§ **Goal of the exercise**:
All the data should be repeated exactly. Any image in it is left out.

§ **Available records**:

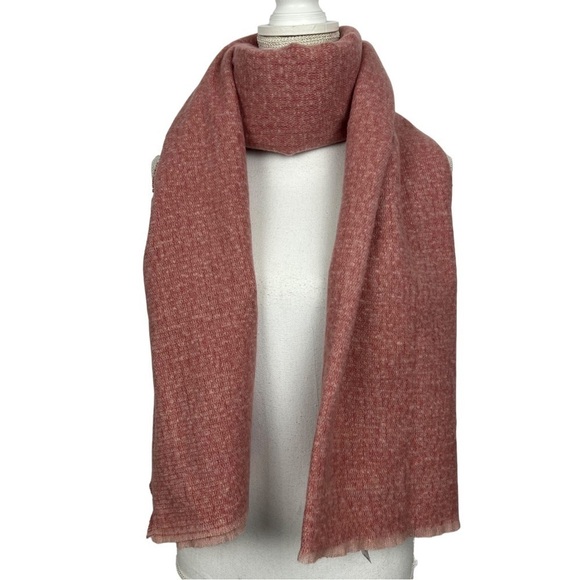 Old Navy/American Eagle/Maurices Women’s Winter Neck Scarves Lot/3 Multi Colors - Picture 2 of 16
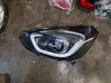 Honda Fit Headlight - 2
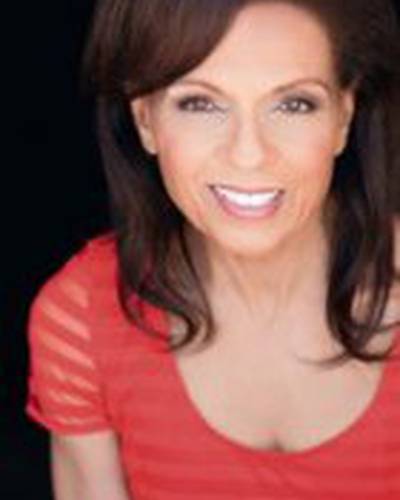 Гвенн Митчелл фото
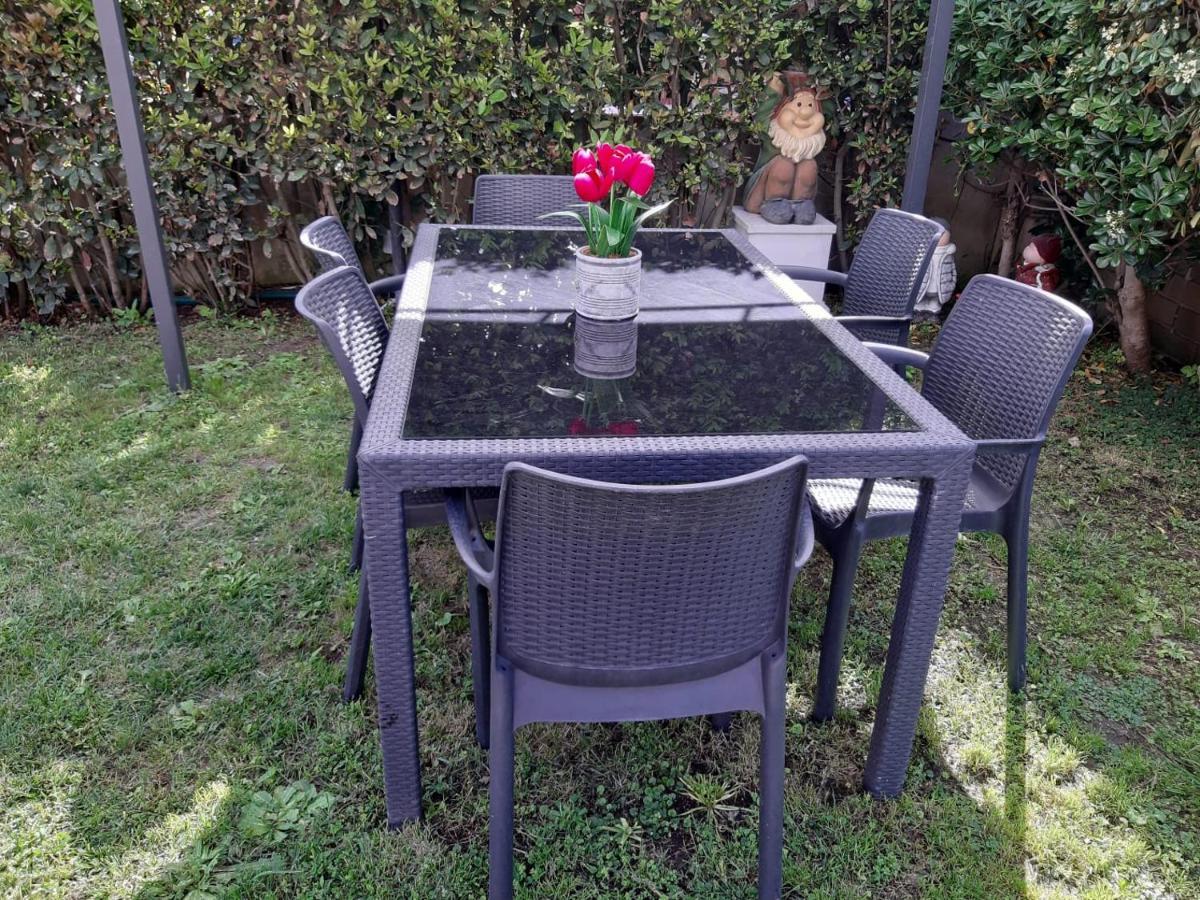 Holiday home Carlini Passoscuro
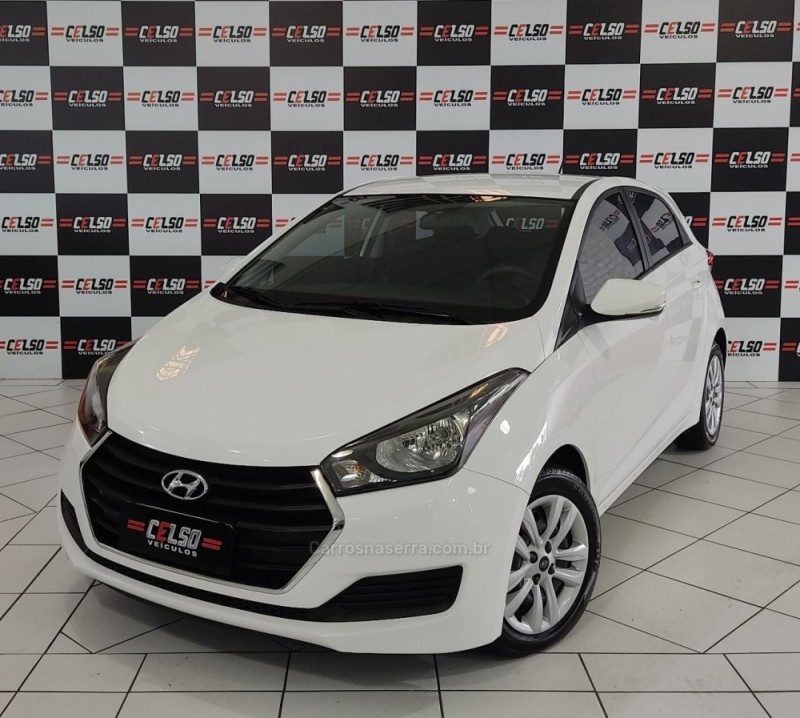 hb20 1.0 comfort 12v flex 4p manual 2018 dois irmaos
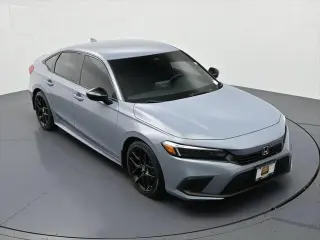 Honda Civic 2024 Sport 4 puertas Sedán
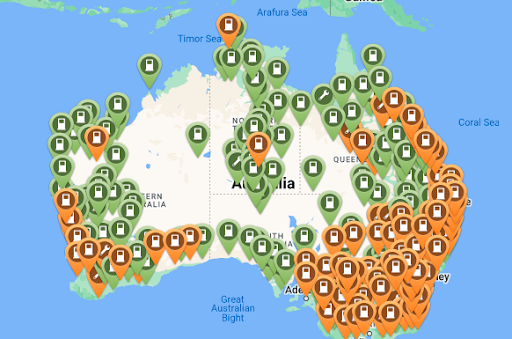 EV Vehicles Crazy Car Rentals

§ **Reply to the task**:
 Old Navy/American Eagle/Maurices Women’s Winter Neck Scarves Lot/3 Multi Colors - Picture 2 of 16
 Honda Fit Headlight - 2
 Гвенн Митчелл фото
 Holiday home Carlini Passoscuro
 hb20 1.0 comfort 12v flex 4p manual 2018 dois irmaos
 Honda Civic 2024 Sport 4 puertas Sedán
 EV Vehicles Crazy Car Rentals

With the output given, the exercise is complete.